May 21, 2011

  • This Really Bugs Me

    Anyone that knows me knows that I truly hate being dependant on things and people. I don't like to feel helpless, useless and unwanted. I have something that is bothering me, and that has been bothering me for a while. I really need to write it down. 

    Because of my particular challenges I grew up with SSI income,  forgot when they cut me off, but I was still fairly young, cose to my teen years I think. I never worried about getting it again, I didn't even know what it was back then really. My parents always provided for me, they never pressured me to get a job, they knew it would be hard for me if I tried because of my bad vision and horrible social skills. We have been having financial problems ever since I was about 12 years old, my dad has been through various jobs and my mom has been working at a health food store for the past 10 years or so.  We've had our share of ups and downs when it comes to money. I'm actually pretty grateful I didn't grow up with the ability to buy everything I wanted, it was very humbling.
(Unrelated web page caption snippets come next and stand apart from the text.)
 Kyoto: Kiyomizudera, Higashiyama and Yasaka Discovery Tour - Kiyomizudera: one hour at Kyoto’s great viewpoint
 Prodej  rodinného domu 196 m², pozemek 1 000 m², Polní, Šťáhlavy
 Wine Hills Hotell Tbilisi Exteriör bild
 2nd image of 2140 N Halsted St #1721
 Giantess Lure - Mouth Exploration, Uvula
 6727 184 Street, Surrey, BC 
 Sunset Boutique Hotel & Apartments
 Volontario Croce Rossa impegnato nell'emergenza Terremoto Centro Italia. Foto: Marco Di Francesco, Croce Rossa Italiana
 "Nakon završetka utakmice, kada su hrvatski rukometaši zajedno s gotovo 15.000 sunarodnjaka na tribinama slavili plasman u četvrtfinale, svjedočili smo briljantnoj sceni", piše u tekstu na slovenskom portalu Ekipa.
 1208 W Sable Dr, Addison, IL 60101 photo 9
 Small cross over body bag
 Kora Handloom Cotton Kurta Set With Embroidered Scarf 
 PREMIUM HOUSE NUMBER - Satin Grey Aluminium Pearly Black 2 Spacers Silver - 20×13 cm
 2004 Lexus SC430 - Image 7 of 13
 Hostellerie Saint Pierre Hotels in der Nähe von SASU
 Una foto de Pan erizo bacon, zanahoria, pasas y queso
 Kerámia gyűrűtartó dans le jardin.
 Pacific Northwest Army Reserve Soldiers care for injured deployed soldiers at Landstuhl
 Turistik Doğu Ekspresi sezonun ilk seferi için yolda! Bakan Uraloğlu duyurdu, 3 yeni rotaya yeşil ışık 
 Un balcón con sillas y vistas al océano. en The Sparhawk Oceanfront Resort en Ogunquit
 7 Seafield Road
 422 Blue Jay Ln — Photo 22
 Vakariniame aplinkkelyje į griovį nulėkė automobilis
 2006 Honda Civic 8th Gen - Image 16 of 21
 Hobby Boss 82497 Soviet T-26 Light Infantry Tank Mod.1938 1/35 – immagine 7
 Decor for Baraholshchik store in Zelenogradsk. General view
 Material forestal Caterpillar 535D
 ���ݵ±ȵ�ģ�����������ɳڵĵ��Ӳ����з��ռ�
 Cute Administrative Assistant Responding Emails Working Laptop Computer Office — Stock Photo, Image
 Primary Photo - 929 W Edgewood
    My parent's never really encouraged me to get a job, and I was just fine with that back a few years ago. They always talked about me just applying for SSI again. Around a few months after high school ended I got all the necessary doctors records and stuff needed to apply for it, I didn't really take it that seriously back then. I think when I applied back then I was a little too optimistic with what I said in the application. On top of this my eye doctor I was seeing at the time messed up somehow and said that my vision was better than it actually was. A few months later I was rejected for getting SSI.  I don't think I had that big of a reason to have it back then, not as much as I do now anyway.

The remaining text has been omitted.